## Supplied records
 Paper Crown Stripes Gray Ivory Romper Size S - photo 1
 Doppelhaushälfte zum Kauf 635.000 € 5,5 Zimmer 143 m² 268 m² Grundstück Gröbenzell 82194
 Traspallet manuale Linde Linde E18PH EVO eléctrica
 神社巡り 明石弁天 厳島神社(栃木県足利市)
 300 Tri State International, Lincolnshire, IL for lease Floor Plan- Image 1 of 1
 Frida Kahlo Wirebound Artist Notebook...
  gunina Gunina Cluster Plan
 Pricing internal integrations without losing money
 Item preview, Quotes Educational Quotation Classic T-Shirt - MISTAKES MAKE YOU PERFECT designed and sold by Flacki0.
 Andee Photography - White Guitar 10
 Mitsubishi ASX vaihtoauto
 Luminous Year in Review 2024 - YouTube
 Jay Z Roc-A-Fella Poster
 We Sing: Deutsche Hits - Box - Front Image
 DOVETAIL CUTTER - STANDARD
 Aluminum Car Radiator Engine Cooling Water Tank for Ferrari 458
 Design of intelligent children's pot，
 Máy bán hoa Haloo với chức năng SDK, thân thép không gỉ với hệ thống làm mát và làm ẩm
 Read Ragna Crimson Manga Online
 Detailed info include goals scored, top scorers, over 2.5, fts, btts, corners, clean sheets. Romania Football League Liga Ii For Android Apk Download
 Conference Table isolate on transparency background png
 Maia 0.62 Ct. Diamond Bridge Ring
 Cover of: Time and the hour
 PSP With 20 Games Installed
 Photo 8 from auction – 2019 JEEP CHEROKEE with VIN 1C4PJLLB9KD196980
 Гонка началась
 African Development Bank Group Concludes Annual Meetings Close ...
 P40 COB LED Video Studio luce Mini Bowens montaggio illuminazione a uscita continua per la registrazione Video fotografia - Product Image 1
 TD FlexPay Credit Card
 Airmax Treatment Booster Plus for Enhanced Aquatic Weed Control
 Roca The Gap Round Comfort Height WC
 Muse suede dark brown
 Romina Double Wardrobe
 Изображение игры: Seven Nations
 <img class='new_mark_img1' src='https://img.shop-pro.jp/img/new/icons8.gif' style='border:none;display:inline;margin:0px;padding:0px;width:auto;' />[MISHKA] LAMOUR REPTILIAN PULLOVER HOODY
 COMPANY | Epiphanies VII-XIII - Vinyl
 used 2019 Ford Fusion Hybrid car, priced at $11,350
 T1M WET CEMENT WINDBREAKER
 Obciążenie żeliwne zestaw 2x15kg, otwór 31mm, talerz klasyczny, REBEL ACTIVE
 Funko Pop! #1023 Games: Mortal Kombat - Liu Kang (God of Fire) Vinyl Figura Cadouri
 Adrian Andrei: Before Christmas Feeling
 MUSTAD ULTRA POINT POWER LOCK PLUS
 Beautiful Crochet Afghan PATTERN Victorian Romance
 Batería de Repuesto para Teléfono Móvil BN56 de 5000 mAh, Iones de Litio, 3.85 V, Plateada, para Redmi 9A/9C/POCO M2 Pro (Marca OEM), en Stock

## Problem to work on
Show every line of the data that includes the string "Games".

## Written solution
 PSP With 20 Games Installed
 Funko Pop! #1023 Games: Mortal Kombat - Liu Kang (God of Fire) Vinyl Figura Cadouri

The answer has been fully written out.